Dallas, Atlanta and Los Angeles are the three leading airports for weekly scheduled non-stop domestic passenger departures. These are the domestic ‘hubs’ for the three largest US airlines including American Airlines in Dallas; one of whose Airbus A300-600Rs, N14053, is seen about to touch down at Miami International Airport in January 1995. Over 45% of passenger traffic at MIA is carried by American Airlines. The other two major airlines feeding domestic ‘hubs’ are Delta Air Lines in Atlanta and United Airlines in Los Angeles.
Of 13 Grumman Abatrosses converted to G-111 standard for commercial operations with Chalk’s International Airlines, Miami, one (N42MY) is still in active service in Florida. Based at Fort Lauderdale Executive Airport, this converted HU-16B belongs to the Aviation Division of Mirabella Yachts, a company that owns and operates a number of exclusive yachts in the Bahamas and Caribbean. Modifications to civilianise the Albatross to G-111 standard include the fitment of titanium wing spars and outward opening access doors. The G-111 was acquired to carry guests to and from its boats, however, to maximise its usage, it is also available for charter work. Two other amphibians operated by Mirabella Yachts are Albatross N28J and HU-16C N43846 (137908). The latter is resplendent in US Navy markings.
Pan American Airways began seaplane operations in January 1928, its first passenger flight being from Key West, Florida, to Havana, Cuba. This Pan Am legacy lives on today, under the auspices of Pan Am Air Bridge, which operates five Grumman/Frakes Turbo Mallard amphibians, including N2969, seen here on the slipway at Watson Island. Pan Am Air Bridge is based at Watson Island, Miami, immediately opposite Miami’s busy cruise ship port, having begun life as Chalk's Air Service, which was bom in 1917. Apart from a brief interlude during World War One, Chalk’s saw over 40 years of continuous operation until being purchased in 1970 by Resorts International. The first ‘turbinised’ Mallard entered service in November 1979 and in January 1996, the airline was purchased by three individuals, one of whom, Charles Cobb, retains the proprietary rights to the name ’Pan Am’ and its logo. Today, the Turbo Mallards provide scheduled services to Fort Lauderdale and some of the Bahamian Islands.
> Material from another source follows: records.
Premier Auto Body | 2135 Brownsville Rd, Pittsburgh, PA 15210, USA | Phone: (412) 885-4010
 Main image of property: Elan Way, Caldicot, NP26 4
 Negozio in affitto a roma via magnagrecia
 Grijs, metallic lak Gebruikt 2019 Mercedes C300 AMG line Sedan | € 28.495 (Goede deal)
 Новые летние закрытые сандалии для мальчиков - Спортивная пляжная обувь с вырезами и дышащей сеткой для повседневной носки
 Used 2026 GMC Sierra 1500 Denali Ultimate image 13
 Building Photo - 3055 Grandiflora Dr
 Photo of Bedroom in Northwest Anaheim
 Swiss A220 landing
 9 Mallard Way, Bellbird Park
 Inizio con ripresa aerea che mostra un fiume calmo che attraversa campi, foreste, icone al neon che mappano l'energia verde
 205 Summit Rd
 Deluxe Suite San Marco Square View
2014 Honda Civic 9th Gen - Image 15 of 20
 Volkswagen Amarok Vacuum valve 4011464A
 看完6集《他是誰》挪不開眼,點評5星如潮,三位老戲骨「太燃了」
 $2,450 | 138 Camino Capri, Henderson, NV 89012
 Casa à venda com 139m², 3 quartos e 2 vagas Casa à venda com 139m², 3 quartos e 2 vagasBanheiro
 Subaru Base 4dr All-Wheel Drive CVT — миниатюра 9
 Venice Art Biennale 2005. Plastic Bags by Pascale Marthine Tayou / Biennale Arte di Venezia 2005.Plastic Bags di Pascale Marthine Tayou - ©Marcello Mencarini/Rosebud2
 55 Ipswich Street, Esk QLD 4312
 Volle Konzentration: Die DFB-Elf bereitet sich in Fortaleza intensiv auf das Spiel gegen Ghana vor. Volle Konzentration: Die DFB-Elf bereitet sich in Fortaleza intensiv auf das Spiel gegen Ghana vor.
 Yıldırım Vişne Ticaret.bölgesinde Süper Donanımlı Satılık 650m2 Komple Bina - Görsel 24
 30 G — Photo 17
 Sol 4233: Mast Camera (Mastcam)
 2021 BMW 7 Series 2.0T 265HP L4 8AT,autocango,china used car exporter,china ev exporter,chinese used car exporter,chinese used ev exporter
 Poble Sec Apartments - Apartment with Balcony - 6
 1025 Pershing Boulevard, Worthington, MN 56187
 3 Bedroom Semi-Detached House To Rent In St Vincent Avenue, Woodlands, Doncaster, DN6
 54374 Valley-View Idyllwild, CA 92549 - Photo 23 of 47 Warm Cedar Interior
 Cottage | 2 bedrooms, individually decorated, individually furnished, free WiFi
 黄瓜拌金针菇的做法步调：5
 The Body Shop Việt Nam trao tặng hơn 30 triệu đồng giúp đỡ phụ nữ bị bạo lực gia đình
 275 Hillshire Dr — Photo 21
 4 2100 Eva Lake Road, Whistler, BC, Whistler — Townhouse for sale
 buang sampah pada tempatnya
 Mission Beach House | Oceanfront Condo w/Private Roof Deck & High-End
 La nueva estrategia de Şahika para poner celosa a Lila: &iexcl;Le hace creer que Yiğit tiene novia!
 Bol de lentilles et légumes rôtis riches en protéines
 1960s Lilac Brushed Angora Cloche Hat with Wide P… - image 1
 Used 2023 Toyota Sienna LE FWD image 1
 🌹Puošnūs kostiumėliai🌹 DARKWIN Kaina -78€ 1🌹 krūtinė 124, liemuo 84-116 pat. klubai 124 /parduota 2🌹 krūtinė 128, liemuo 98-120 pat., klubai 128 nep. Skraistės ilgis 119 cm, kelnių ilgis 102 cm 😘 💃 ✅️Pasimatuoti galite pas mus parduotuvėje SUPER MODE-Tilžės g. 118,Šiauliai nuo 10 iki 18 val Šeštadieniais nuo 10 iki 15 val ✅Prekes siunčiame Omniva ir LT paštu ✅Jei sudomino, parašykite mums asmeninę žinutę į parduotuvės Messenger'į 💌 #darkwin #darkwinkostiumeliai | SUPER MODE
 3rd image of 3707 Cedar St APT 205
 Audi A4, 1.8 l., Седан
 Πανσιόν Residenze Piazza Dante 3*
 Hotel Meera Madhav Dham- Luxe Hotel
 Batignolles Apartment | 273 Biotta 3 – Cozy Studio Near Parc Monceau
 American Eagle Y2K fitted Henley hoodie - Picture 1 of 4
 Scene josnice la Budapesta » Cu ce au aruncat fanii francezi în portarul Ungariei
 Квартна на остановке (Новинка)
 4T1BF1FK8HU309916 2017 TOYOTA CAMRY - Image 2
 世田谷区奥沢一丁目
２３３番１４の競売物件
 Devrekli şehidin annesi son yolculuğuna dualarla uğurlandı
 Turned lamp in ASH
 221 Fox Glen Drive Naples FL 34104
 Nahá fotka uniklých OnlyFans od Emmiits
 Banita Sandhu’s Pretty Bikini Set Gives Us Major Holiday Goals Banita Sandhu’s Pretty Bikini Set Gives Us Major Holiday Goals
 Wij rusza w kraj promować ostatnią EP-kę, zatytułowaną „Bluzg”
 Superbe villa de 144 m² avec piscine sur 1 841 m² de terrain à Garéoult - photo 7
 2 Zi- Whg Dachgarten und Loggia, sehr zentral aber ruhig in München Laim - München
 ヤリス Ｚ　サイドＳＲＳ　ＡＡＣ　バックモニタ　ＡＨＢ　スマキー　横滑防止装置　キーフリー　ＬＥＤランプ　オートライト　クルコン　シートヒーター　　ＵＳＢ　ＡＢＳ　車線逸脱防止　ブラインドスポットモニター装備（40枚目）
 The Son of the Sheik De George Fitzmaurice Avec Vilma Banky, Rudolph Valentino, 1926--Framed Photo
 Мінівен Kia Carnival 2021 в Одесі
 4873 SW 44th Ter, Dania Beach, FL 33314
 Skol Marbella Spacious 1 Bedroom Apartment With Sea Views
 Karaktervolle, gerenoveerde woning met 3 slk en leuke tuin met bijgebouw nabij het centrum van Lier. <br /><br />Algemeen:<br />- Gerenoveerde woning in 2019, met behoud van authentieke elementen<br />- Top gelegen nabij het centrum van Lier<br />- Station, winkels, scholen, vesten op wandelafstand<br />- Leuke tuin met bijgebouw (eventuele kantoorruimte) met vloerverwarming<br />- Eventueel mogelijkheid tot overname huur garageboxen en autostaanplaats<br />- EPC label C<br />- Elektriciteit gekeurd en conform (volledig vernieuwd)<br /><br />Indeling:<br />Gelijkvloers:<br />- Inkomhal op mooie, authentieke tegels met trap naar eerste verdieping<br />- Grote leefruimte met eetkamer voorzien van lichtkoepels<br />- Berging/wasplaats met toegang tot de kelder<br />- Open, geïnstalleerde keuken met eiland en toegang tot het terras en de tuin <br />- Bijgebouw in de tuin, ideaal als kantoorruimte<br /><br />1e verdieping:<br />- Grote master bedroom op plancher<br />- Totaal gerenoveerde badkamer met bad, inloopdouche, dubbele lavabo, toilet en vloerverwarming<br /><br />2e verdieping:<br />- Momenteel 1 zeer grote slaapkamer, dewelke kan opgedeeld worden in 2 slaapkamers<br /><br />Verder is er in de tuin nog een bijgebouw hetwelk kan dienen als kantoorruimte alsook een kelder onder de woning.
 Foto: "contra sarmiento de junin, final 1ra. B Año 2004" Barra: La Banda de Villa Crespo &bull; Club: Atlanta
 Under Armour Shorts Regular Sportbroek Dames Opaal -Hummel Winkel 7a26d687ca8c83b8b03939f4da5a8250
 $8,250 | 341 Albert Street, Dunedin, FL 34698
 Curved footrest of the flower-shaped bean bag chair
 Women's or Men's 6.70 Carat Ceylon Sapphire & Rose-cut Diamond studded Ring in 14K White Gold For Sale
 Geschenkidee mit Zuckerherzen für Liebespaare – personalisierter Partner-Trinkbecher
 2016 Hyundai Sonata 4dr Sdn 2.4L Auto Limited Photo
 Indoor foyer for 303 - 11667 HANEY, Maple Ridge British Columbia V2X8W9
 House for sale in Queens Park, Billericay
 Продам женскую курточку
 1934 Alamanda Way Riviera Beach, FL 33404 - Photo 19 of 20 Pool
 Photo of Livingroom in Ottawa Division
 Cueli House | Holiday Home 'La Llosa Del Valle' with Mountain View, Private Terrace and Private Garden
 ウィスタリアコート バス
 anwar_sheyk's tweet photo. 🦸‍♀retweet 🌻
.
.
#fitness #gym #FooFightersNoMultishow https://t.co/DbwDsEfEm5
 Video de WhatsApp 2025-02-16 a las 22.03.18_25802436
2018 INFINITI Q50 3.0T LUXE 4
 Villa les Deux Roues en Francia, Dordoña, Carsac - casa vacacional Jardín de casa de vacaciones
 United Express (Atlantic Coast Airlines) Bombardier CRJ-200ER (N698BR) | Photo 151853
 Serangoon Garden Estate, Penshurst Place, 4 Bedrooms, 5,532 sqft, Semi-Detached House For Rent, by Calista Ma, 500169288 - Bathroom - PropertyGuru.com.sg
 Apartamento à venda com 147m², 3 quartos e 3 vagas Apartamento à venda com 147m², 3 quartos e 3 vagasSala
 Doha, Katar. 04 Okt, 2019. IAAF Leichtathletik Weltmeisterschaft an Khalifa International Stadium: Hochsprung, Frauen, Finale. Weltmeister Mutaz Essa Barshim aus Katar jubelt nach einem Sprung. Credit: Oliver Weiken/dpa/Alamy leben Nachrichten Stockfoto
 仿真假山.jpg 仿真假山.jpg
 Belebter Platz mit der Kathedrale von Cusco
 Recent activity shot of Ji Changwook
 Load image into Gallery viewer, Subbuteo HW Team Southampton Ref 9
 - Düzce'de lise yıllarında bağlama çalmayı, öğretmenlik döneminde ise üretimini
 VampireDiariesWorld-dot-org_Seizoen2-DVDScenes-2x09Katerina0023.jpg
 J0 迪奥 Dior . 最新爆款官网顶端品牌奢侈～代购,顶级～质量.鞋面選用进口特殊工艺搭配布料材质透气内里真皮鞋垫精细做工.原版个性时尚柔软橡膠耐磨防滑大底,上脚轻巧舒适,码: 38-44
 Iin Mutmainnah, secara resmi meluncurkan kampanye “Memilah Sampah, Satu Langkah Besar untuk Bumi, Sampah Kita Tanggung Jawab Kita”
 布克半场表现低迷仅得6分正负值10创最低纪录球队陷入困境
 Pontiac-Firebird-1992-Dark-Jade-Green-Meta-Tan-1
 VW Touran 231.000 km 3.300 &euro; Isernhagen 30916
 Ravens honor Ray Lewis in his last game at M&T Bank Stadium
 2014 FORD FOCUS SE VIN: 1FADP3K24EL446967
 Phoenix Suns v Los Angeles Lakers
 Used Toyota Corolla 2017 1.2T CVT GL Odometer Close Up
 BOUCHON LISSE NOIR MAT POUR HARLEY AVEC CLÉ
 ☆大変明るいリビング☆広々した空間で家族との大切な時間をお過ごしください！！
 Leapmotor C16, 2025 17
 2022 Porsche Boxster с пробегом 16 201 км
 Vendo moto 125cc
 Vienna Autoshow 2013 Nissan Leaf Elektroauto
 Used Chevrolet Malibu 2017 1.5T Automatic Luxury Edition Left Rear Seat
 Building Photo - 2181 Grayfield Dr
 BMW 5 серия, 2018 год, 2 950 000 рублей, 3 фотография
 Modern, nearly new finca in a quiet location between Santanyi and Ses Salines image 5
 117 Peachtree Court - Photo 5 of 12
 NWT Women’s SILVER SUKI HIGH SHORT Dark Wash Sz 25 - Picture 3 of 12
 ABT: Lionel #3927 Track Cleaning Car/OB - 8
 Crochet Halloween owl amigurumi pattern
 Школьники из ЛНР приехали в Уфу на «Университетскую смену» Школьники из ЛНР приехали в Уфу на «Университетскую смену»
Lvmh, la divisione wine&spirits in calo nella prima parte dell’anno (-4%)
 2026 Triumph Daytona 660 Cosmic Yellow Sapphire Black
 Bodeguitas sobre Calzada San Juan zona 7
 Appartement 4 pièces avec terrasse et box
Miami International Airport is the leading airport for weekly scheduled non-stop passenger flights from the US to Central America, with over 200 departures per week. Continental Airlines doubled its service to Belize City and San Salvador via Houston Intercontinental. McDonnell Douglas MD-82 N16806, burning rubber as it touches down on runway 90R, is one of 53 of the type currently in service with Continental Airlines.